Synapse?

Synapses are the junctions between either; two neurons, a neuron and a sensory cell (e.g. a photoreceptor), or a neuron and and effector cell (e.g. muscle cell). Where information is passed from one cell (presynaptic) to the other (postsynaptic). Most synapses are chemical synapses, which means that information is transferred when vesicles containing neurotransmitters fuse with the presynaptic membrane, releasing neurotransmitters into the Synaptic Cleft, the gap between the presynaptic and postsynaptic membranes.

 

Neurotransmitters diffuse into the synaptic cleft and bind to receptors on the postsynaptic membrane, triggering an effect in the postsynaptic cell. Depending on the combination of the neurotransmitter released and the postsynaptic receptor it binds to, the effect will either be excitatory, leading to depolarisation of the postsynaptic cell, or inhibitory, leading to hyperpolarisation of the postsynaptic cell.

Neurons rarely receive just one synaptic input, they normally receive both excitatory input from certain types of cell and inhibitory input from other types of cell, the excitatory input drives the firing of action potentials that carry information to the next presynapse, while inhibitory inputs may serve to modulate the activity of the neuron, e.g. by reducing the frequency of action potentials.
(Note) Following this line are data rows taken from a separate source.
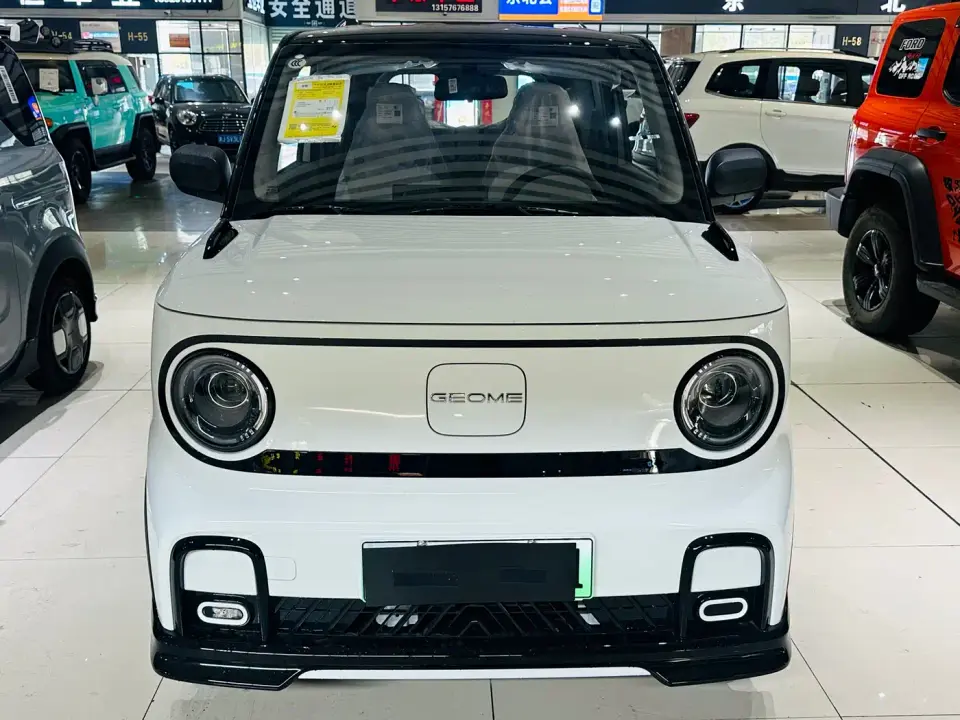 Geely Galaxy Panda Model Year 210km Panda Kart 2026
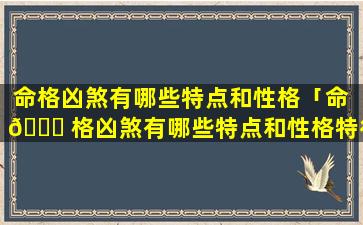 命格凶煞有哪些特点和性格「命 🐕 格凶煞有哪些特点和性格特征」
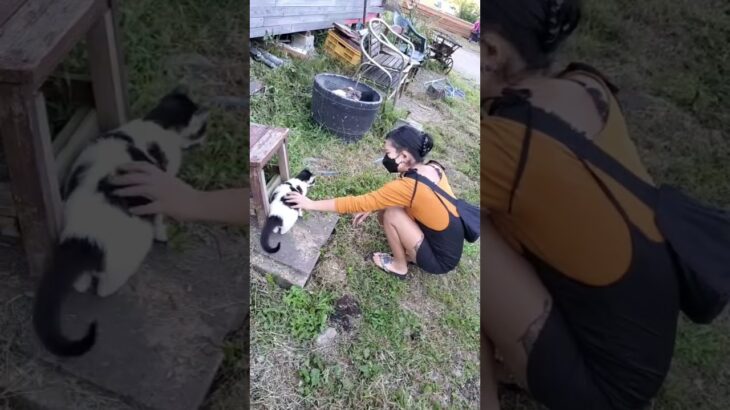 【混浴女子】レディとたま※温泉なし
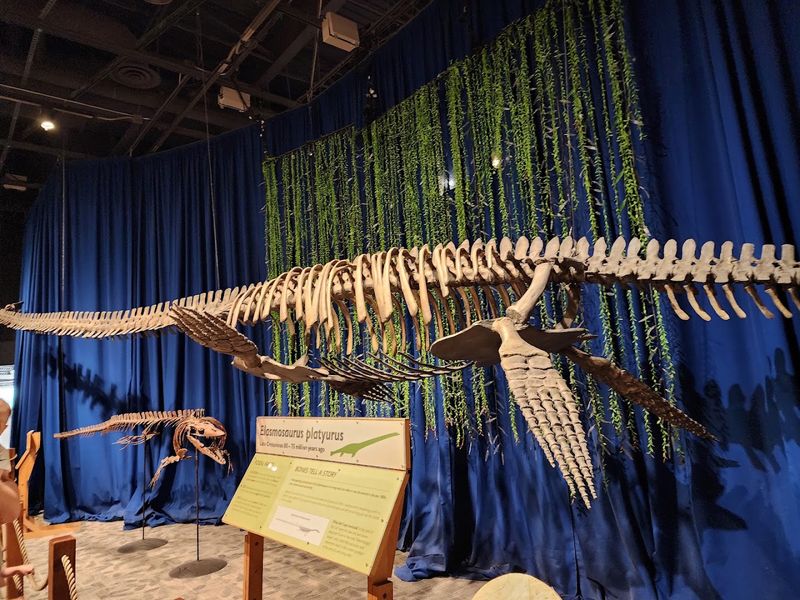 Orlando Science Center - Orlando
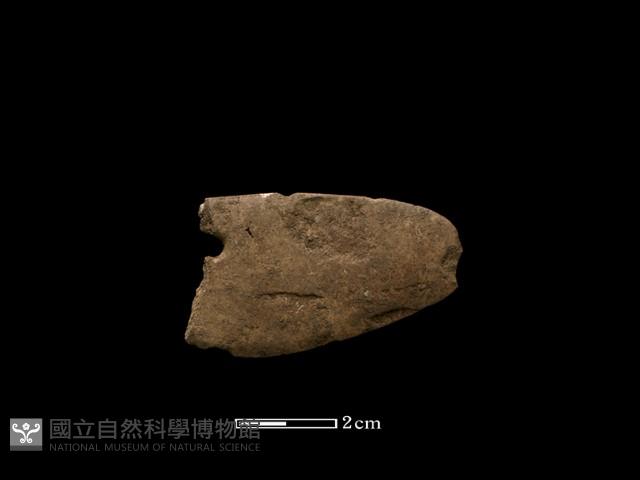 石刀藏品圖，第1張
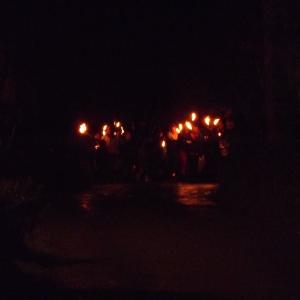 tntorch20121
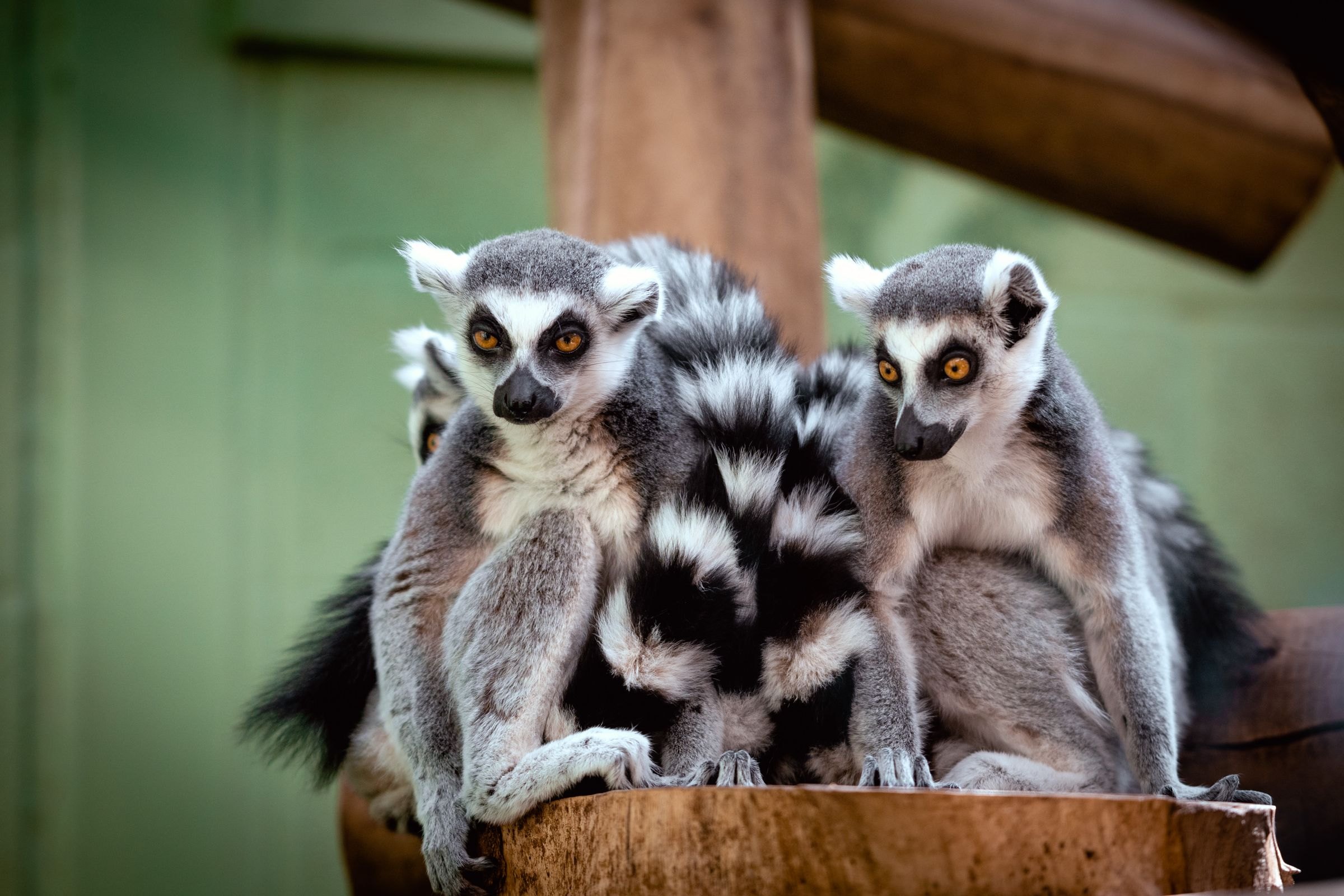 Ring-tailed lemurs huddled together
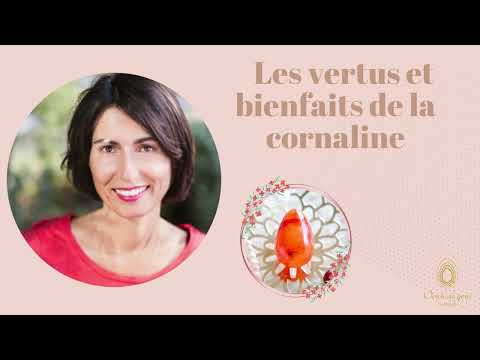 Vidéo: Quel goût ont les cornalines ?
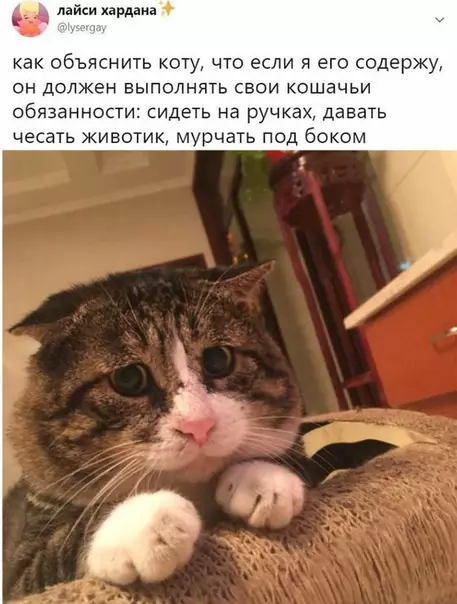 Смешная картинка №524431 Крик души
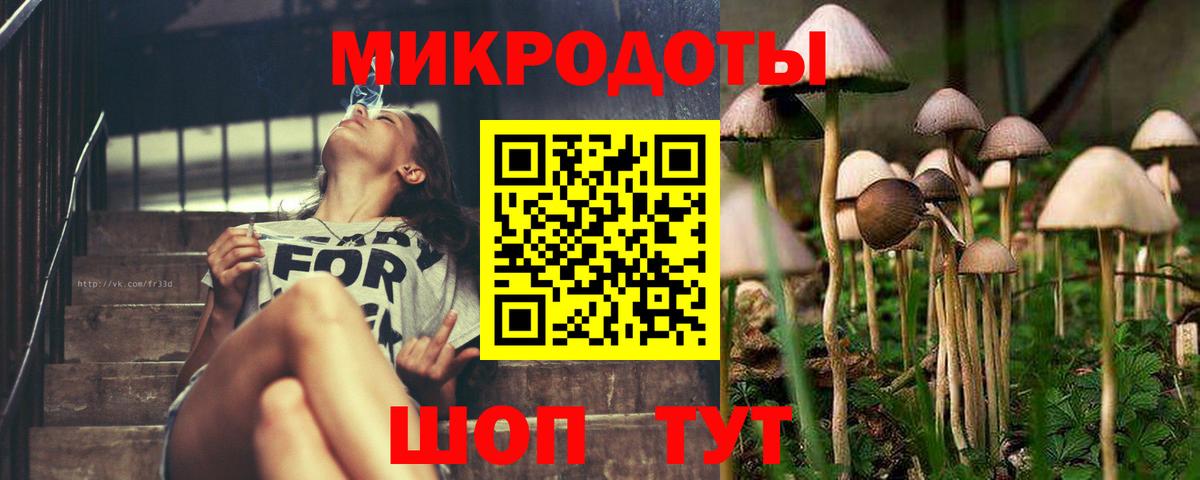 Галлюциногенные грибы мицелий  наркошоп  Сертолово  Вход с VPN 
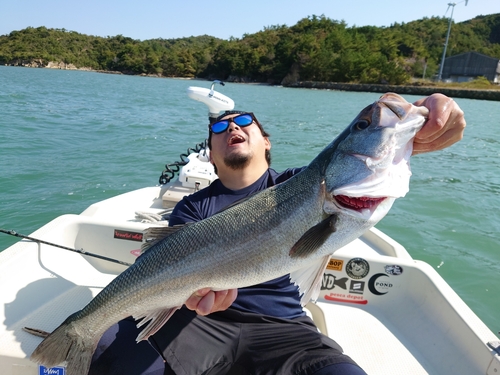 スズキの釣果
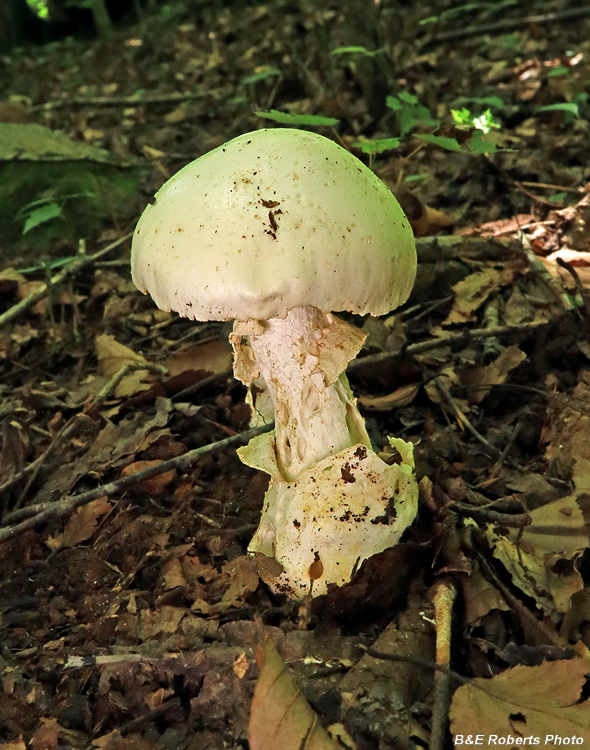 Amanita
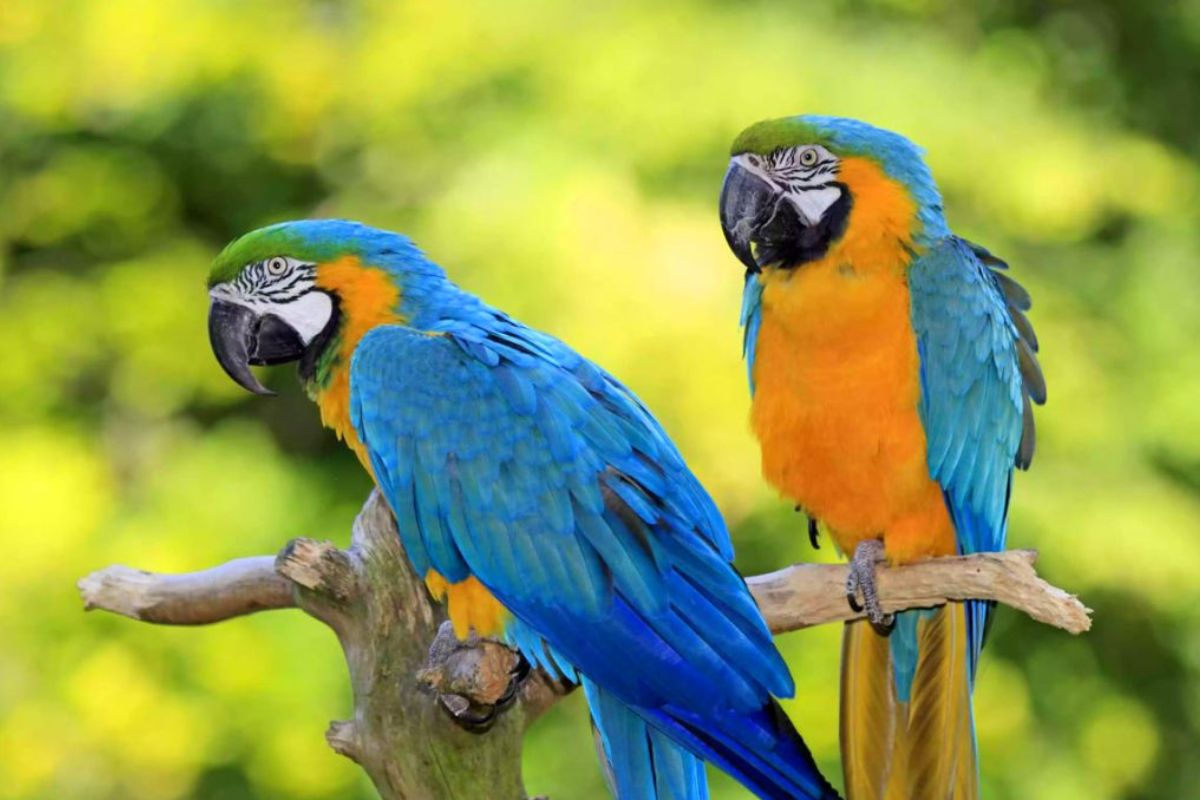 Penyebab Kelangkaan Burung Beo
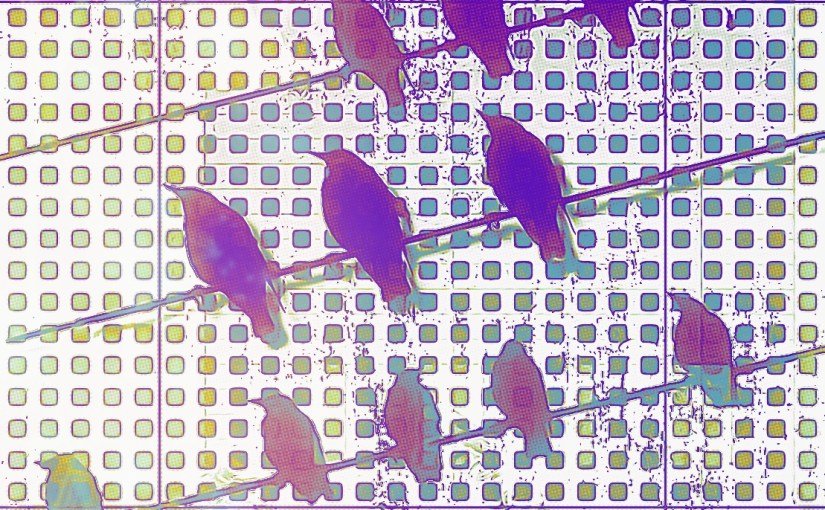 A Bird’s Eye&nbsp;View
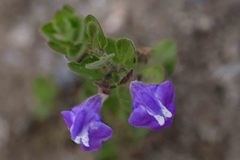 Scutellaria potosina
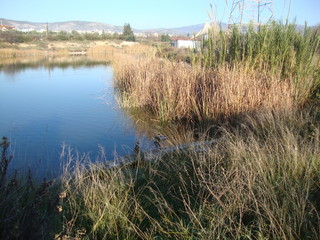 landscape with lake and blue sky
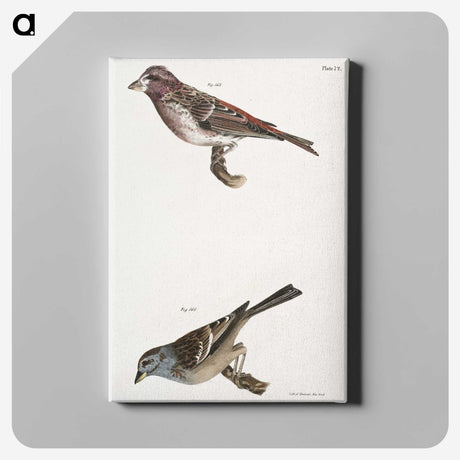 2-56_Zoology-of-New-York_canvas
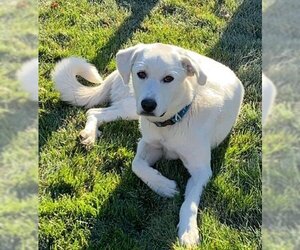 Akbash-Great Pyrenees Mix Dogs for adoption in Sandy, UT, USA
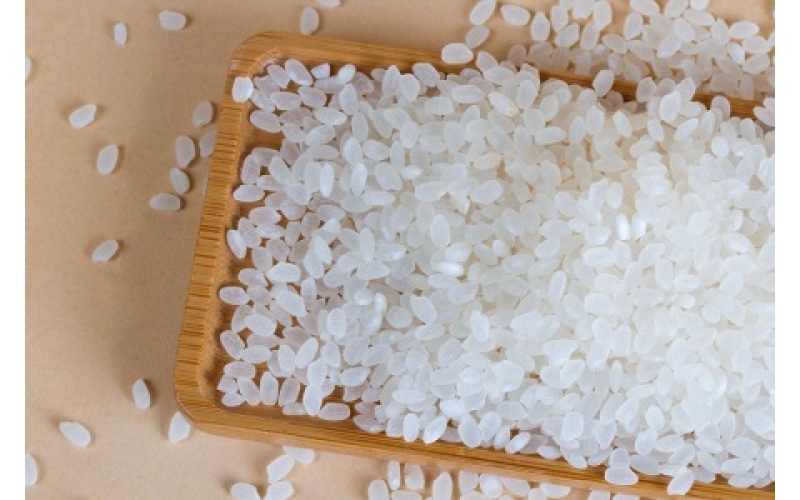 2023年5月5日全国各地最新大米价格行情走势分析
Electrical Synapses are junctions between two cells where the cells are physically connected to each other. The cells are normally connected by gap junction proteins that create a pore (the gap junction) between the cytoplasm of each cell. This relatively large pore allows ions to flow directly from one cell to the next, conveying the electrical signal with them. 

At electrical synapses, Ions diffuse from areas of high concentration to areas of lower concentration, down a concentration gradient.